* Problem details: Only one part of the listing is needed: the lines from the one with "Tropical wedding arch" through the last line, copied exactly and free of pictures.

* Dataset content:
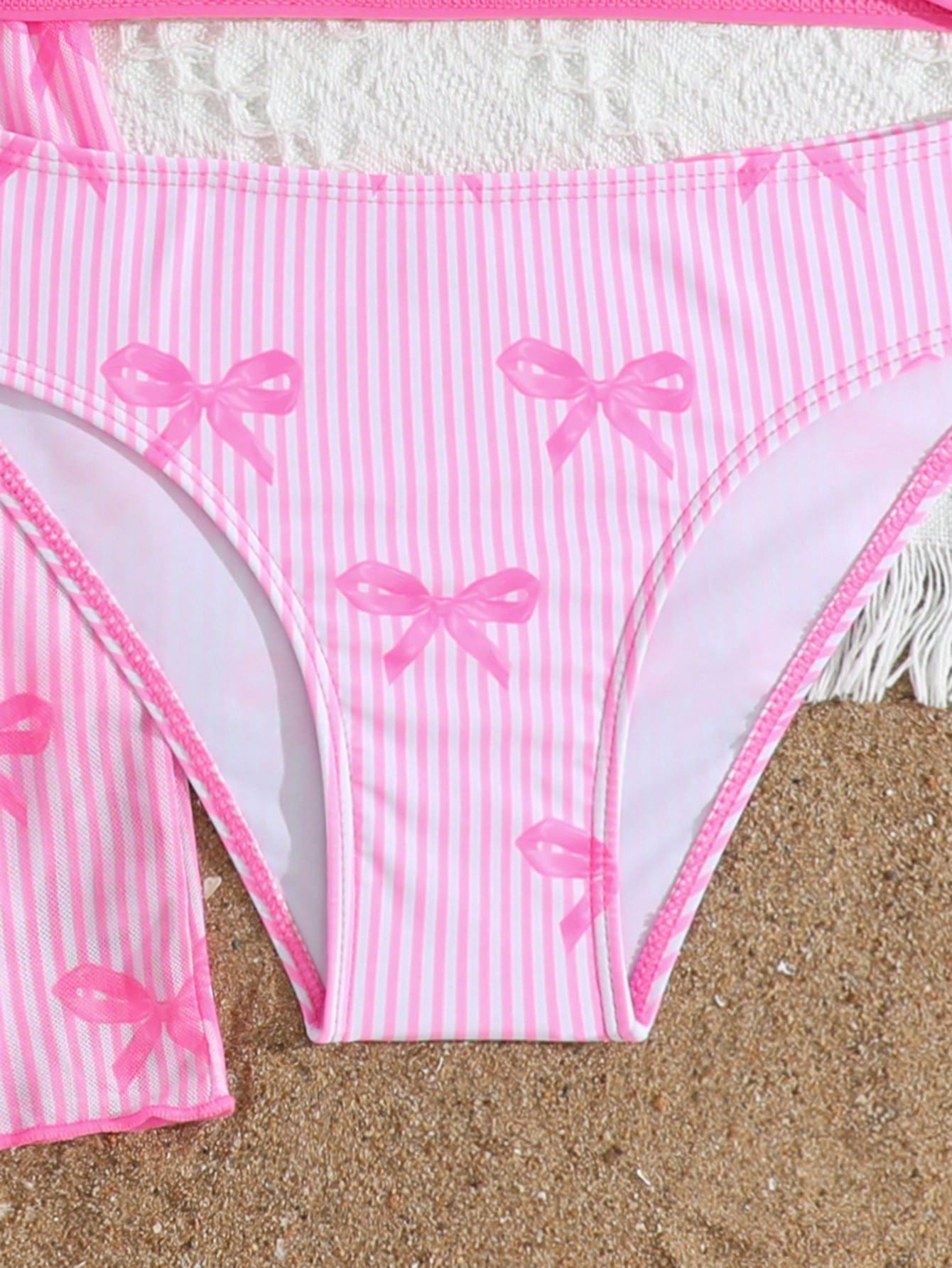 Three-piece tween girls swimwear set with a floral print, featuring a criss-cross bikini top, regular bikini bottoms, and a kimono cover-up in assorted prints.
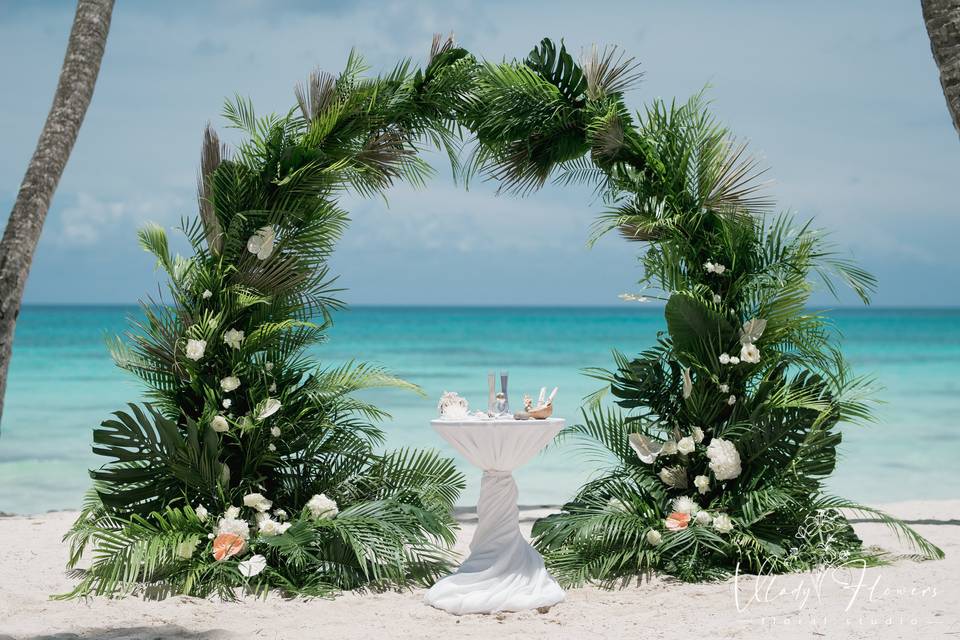 Tropical wedding arch
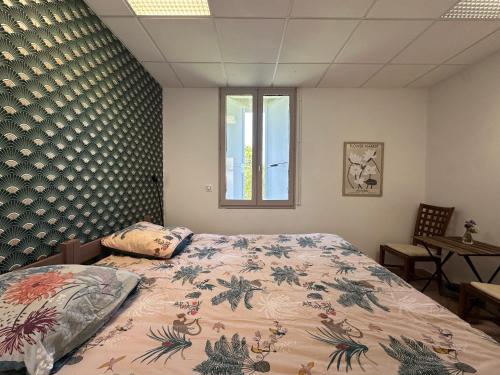 a bedroom with a bed and a window at Bastide en Margeride in Châteauneuf-de-Randon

* Solution for this task:
 Tropical wedding arch
 a bedroom with a bed and a window at Bastide en Margeride in Châteauneuf-de-Randon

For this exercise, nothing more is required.